Where does the term page come from? Webpages?! Well that's my theory. Webpages of old, were static pages, with no two-way interaction. They held information that was not regularly updated. It is a page. A digital equivalent of a page of a book or magazine, that's my argument anyway. So does page bode well with the evolved internet?
Social media, as it is today, has brought a dynamic, ever evolving element, to the traditional webpage. Does the philosophy behind social media fit well with what was a static page? No.
However the adoption of 'Pages' by Facebook and now G+ continues the cycle of the page. We learn by others, remember?! Is anyone going to try and move thinking on when the big players are still using pages?! Here me out.
If something allows for multiple input, communication and interaction then I do not see 'page', fitting well. Page, to me, conjures the internet of old. Space, I feel, allows for endless possibilities and is ever changing with the people who shape and create it.
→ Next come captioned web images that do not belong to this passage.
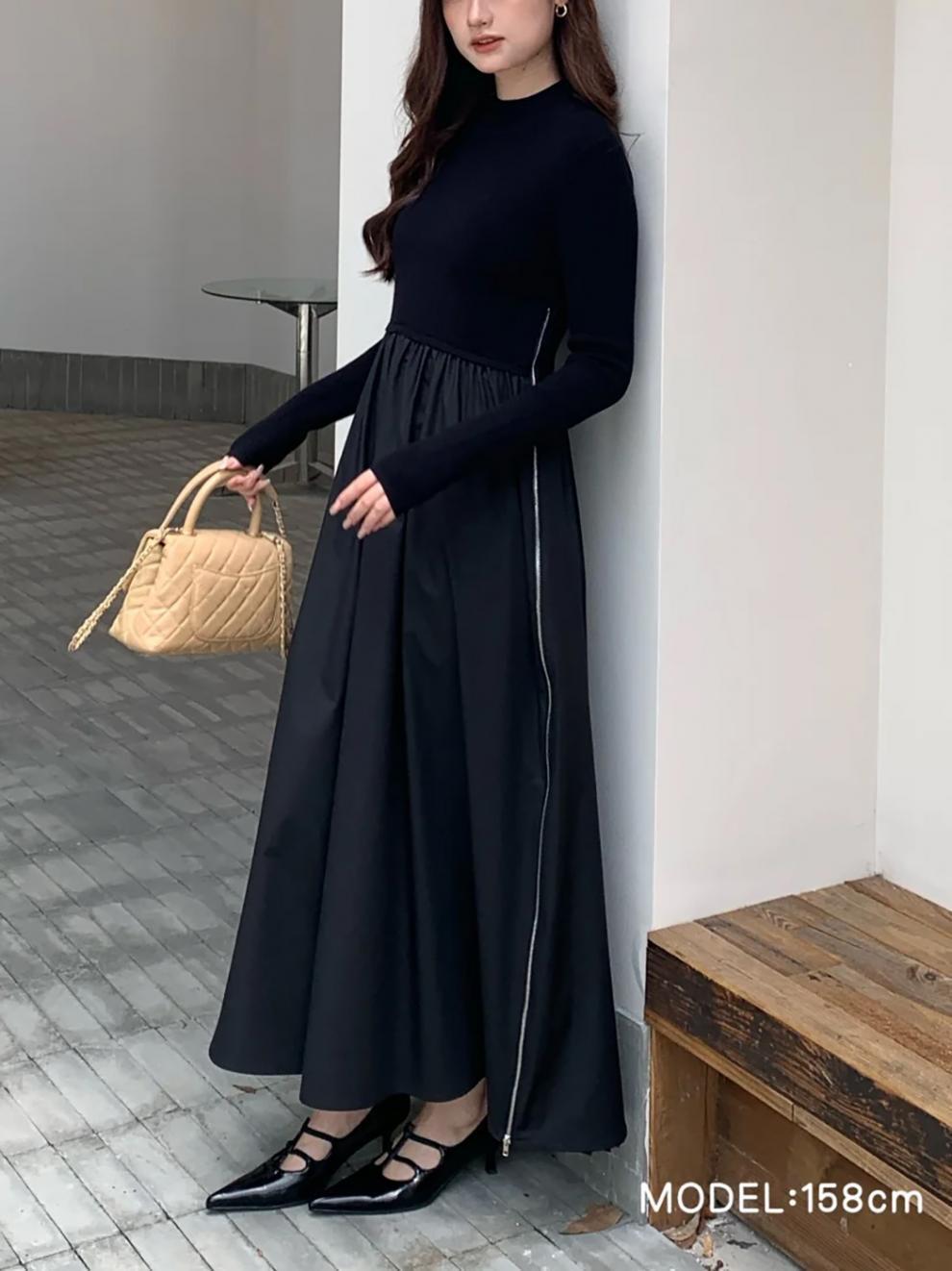 【dress】ニットドッキングワンピース　M28018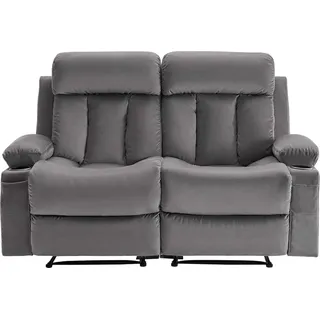 SucceBuy Elektrischer Relaxsessel mit Wärme- und Massagefunktion, Samt-Liegesessel mit USB-Anschlüssen, Getränkehaltern und Seitentaschen, ideal... - Grau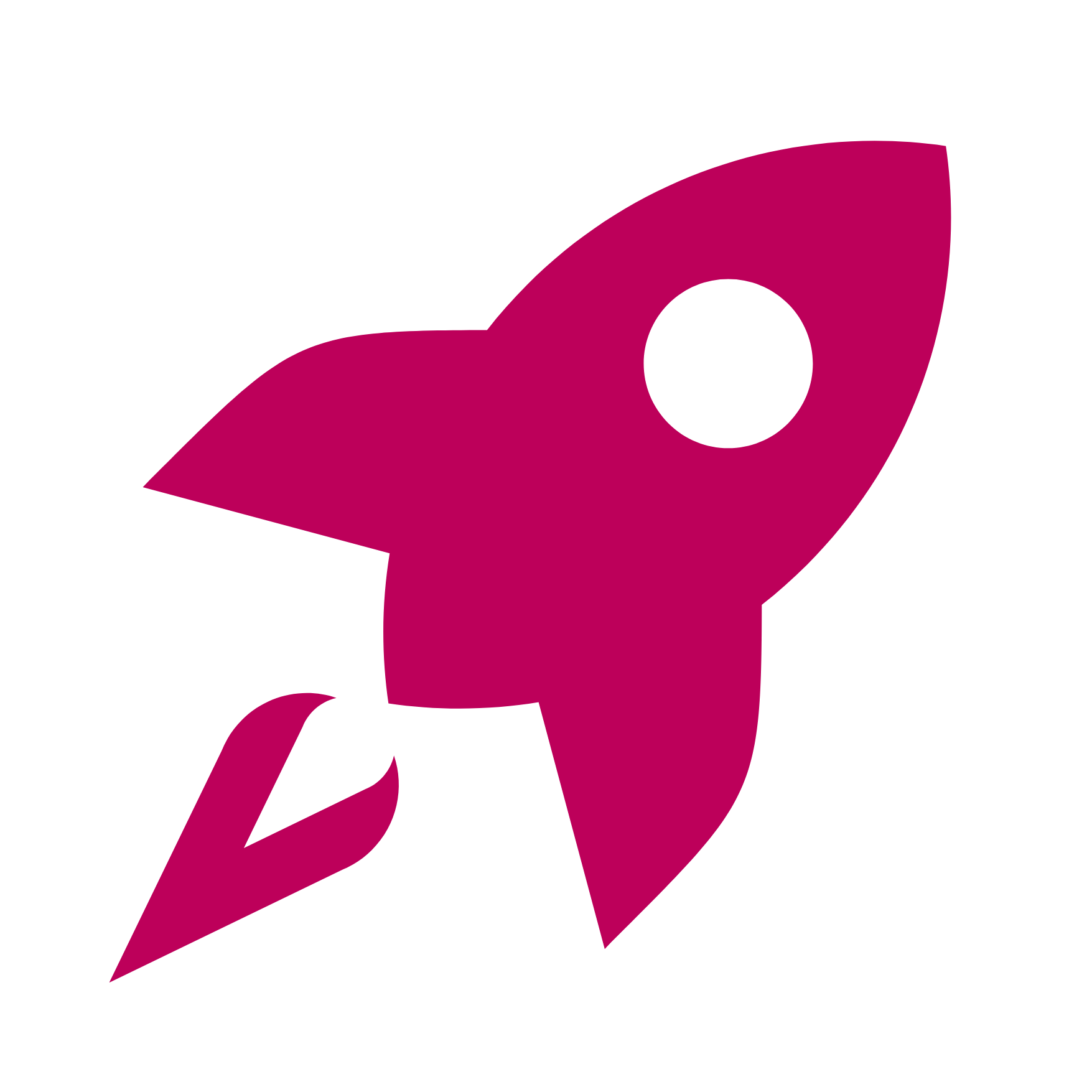 Simplified pink rocket icon with black circle window on a black background.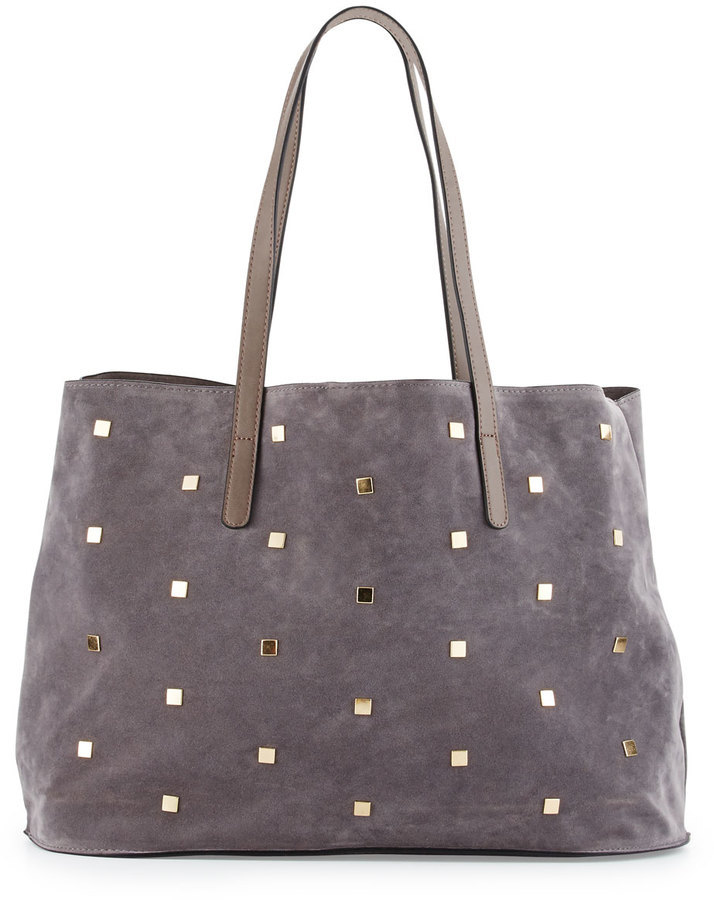 grey suede tote bag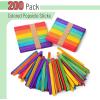 imageMr Pen Colored Popsicle Sticks Wooden Rainbow Colored Popsicle Sticks for Crafts 200 Pack 45 InchRainbow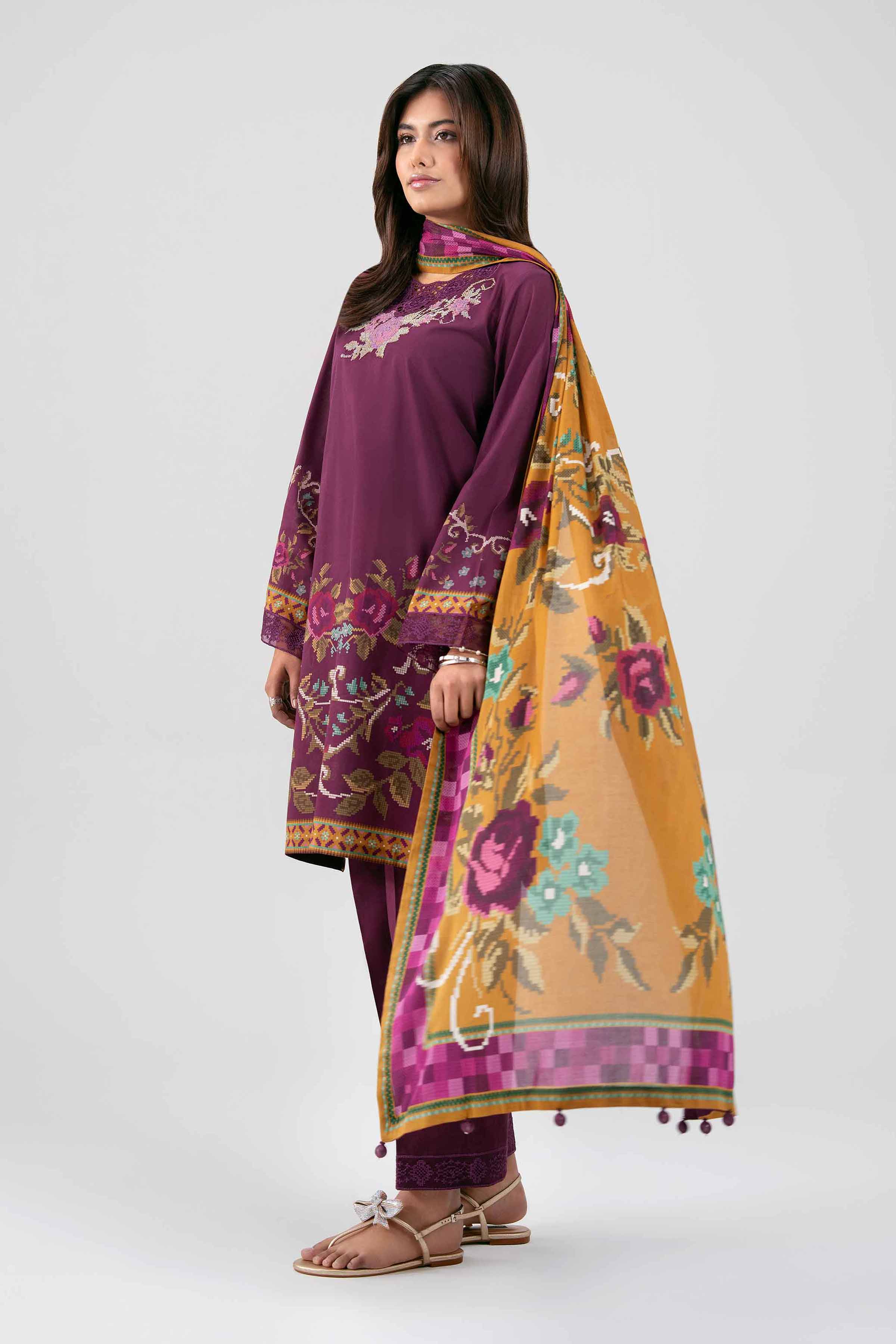 3 Piece - Digital Printed Embroidered Suit - 42601462 Maroon Lawn 3PC Embroidered Summer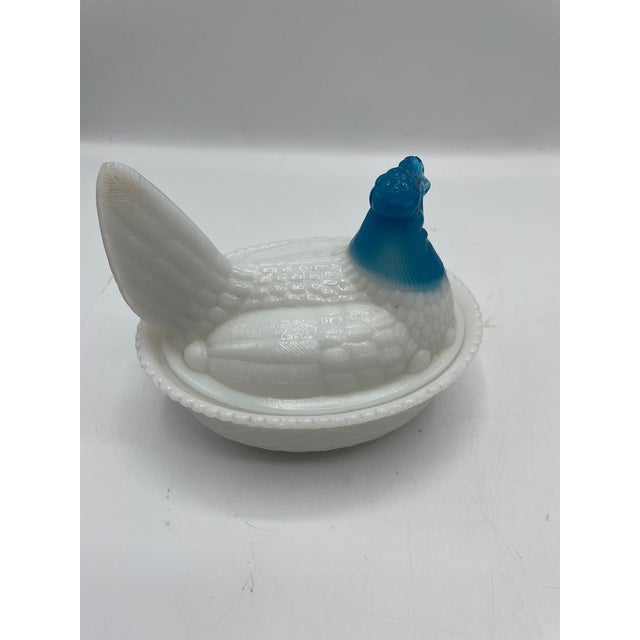 Glass Vintage Milk Glass Hen on Nest For Sale - Image 7 of 10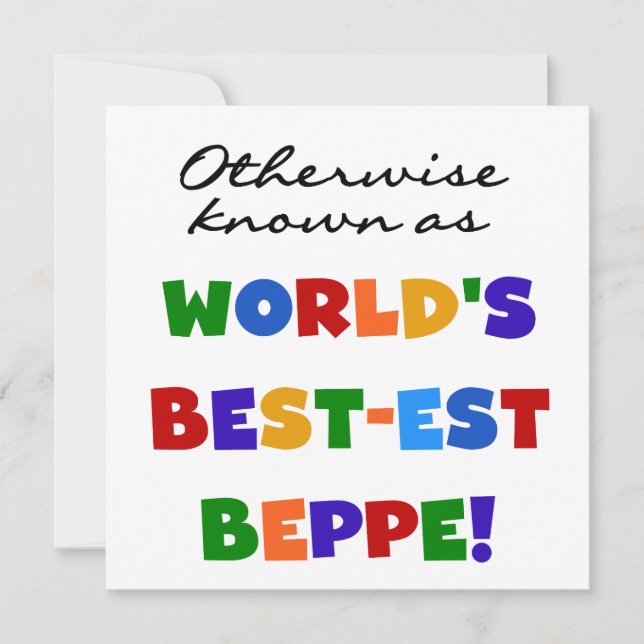 Carte Beppe le plus connu (Devant)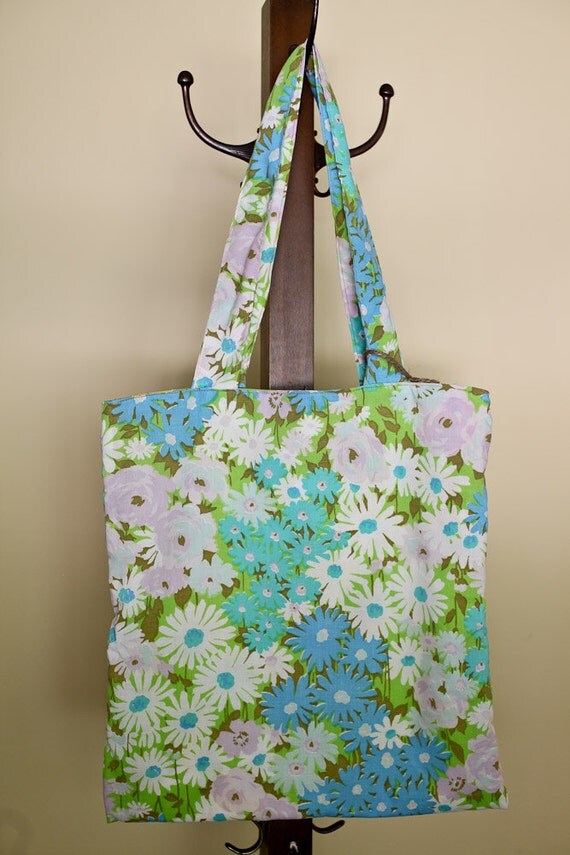 Items similar to Upcycled Teal Bag / VINTAGE bed sheet tote / retro ...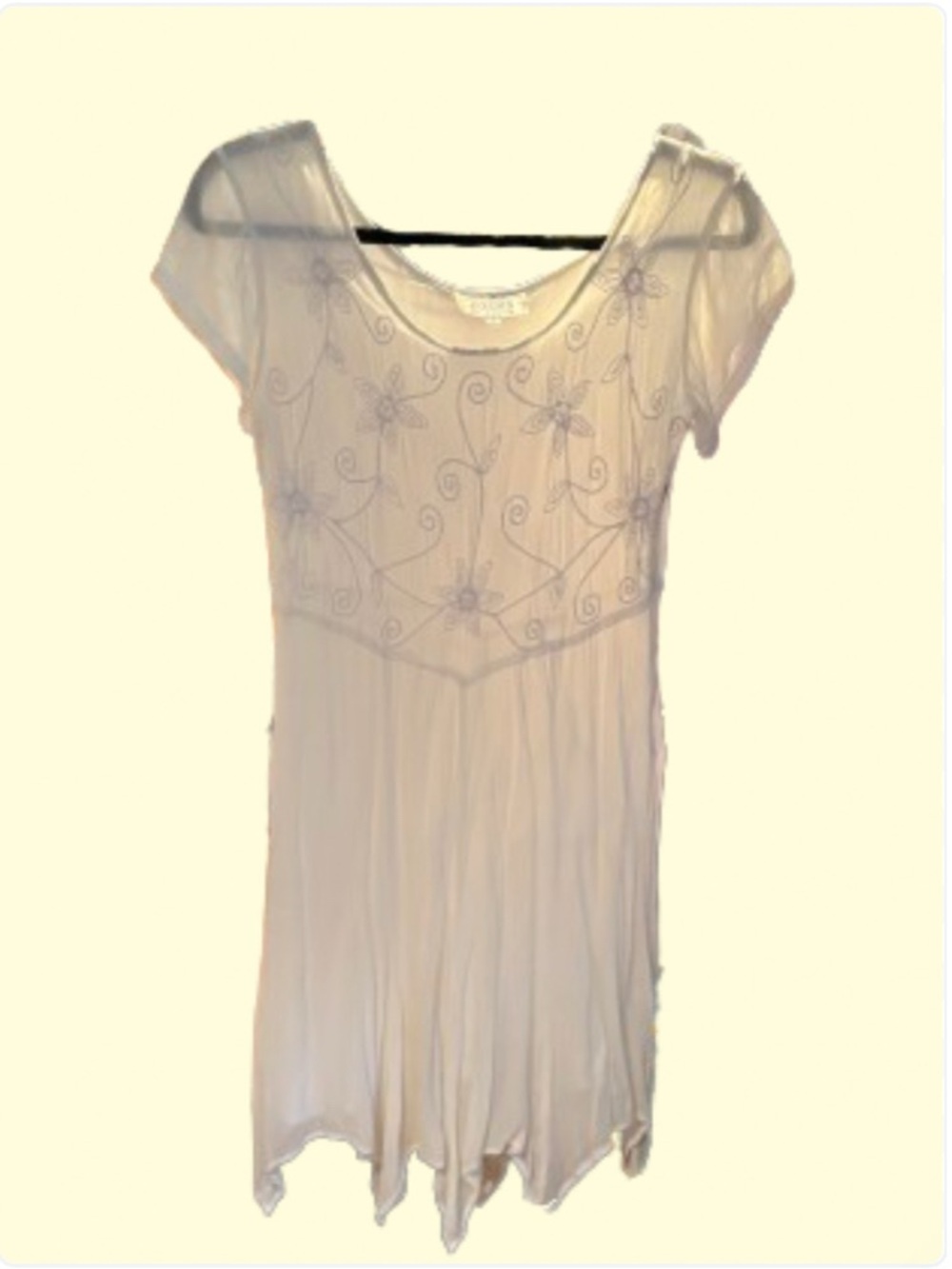 Vintage Embroidered Boho Cream Tunic Dress
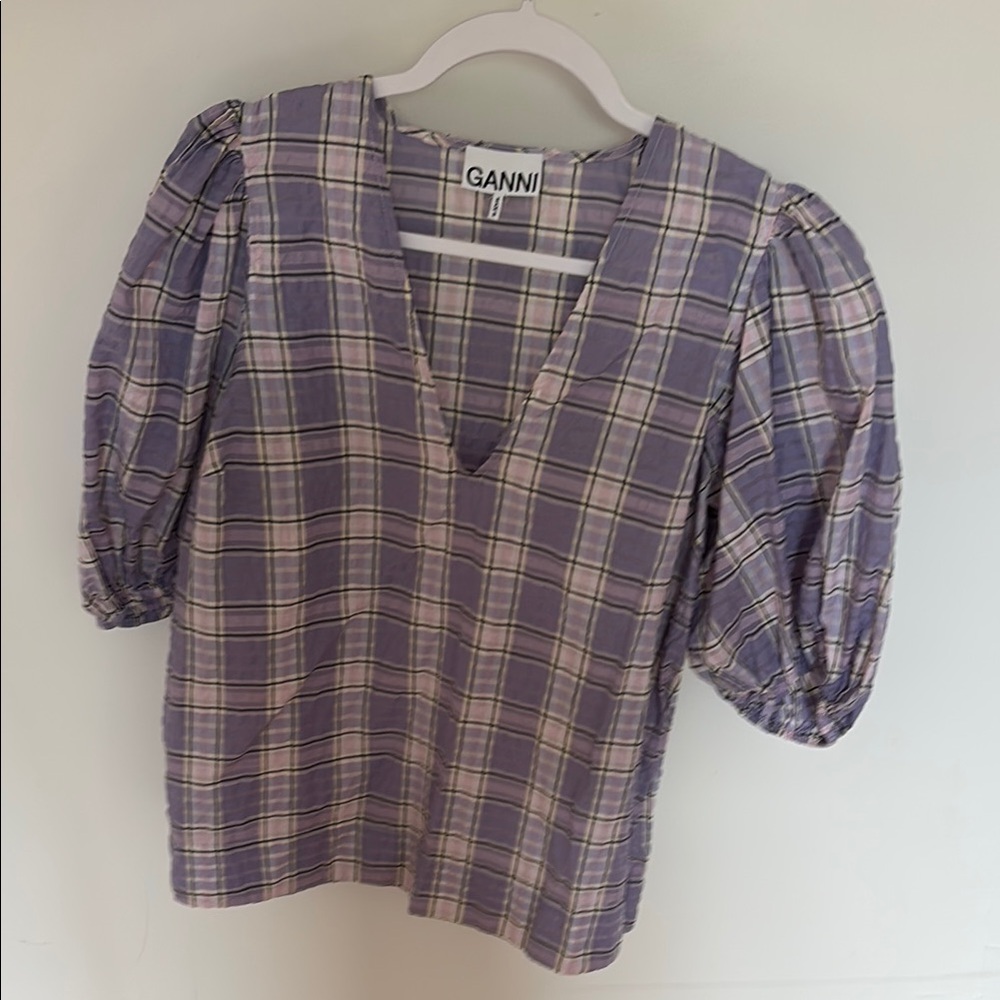 Ganni Gray and Blue Puff Sleeve Blouse Relaxed Boxy Style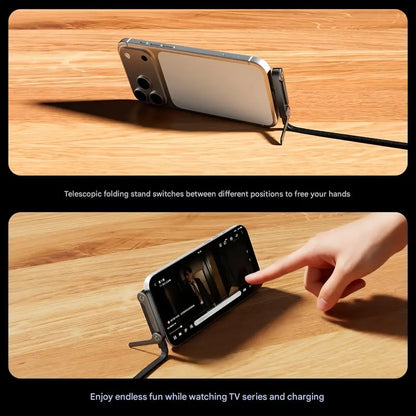 ⚡ Invisible Holder Charger Cable with Stand – Hidden Bracket Design, Fast Charging Support, Tangle-Free & Durable 📱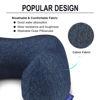 Picture of napfun Neck Pillow for Traveling, Upgraded Travel Neck Pillow for Airplane 100% Pure Memory Foam Travel Pillow for Flight Headrest Sleep, Portable Plane Accessories, Full Dark Blue, Medium (120-200LB)
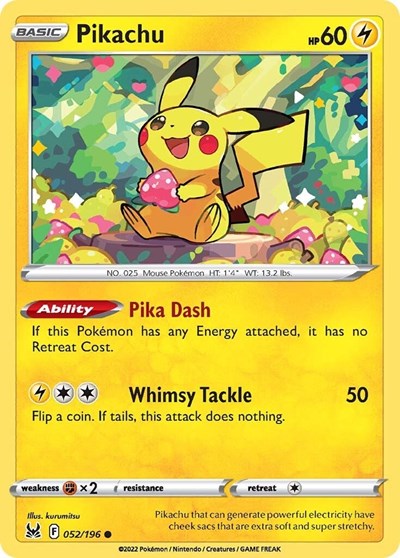 Pikachu (SWSH11) #052/196 Common (Near Mint) SWSH11: Lost Origin Pokemon: 2022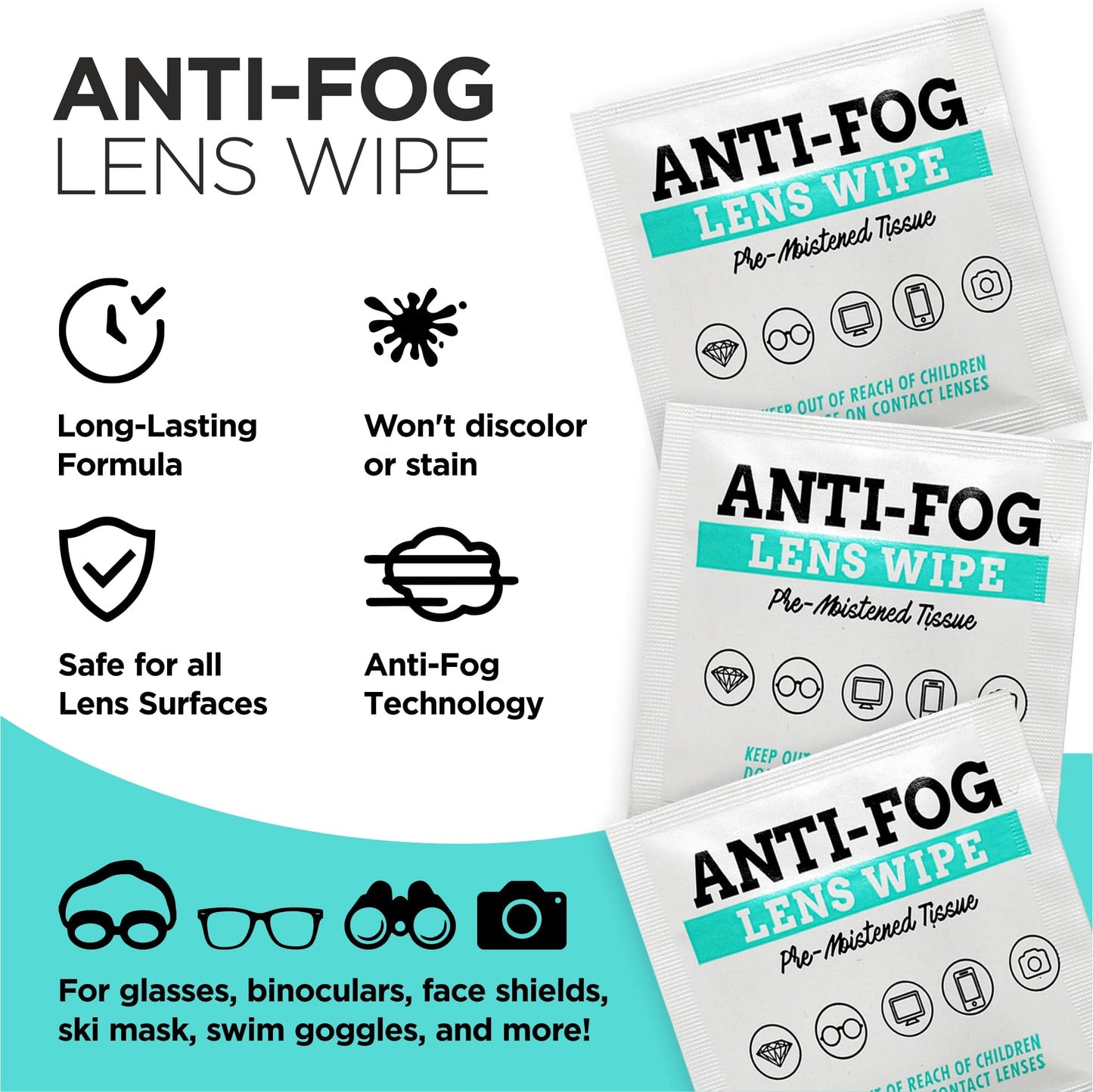 Noble Anti-Fog Pre-Moistened Wipes – Lens & Screen Cleaner, 5”x6” (400)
In the case of branded social space, while it may be developed by the brand it will more likely be shaped by the consumers who use it and seek value from it.
Not only is space dynamic but in the case of social media you are renting, if you like, the space from another brand. It is not your page, you being to shape the space offered to you by the social media provider. It may belong to Facebook, Twitter, G+ or any other social media platform you are on. It is almost like renting a shop. You rent the space and if you break their terms you can be removed.
Artists get installation space to shape and create a user experience. Is this not what the extension of social media permits brand to do? Brands shape sensations, signs, symbols, interactivity in different ways with the space that is afforded to them on social media platforms.
I still say, page feels static. I like the possibility of space and the experience and value users can feel from space.
Social media shaped a change in our behaviours, it changed how we communicate, learn and interact. I just think that we need to review what we call the spaces we interact with brands in, to fit this new philosophy. Perhaps this is more of a philosophical academic debate. Please do let me know...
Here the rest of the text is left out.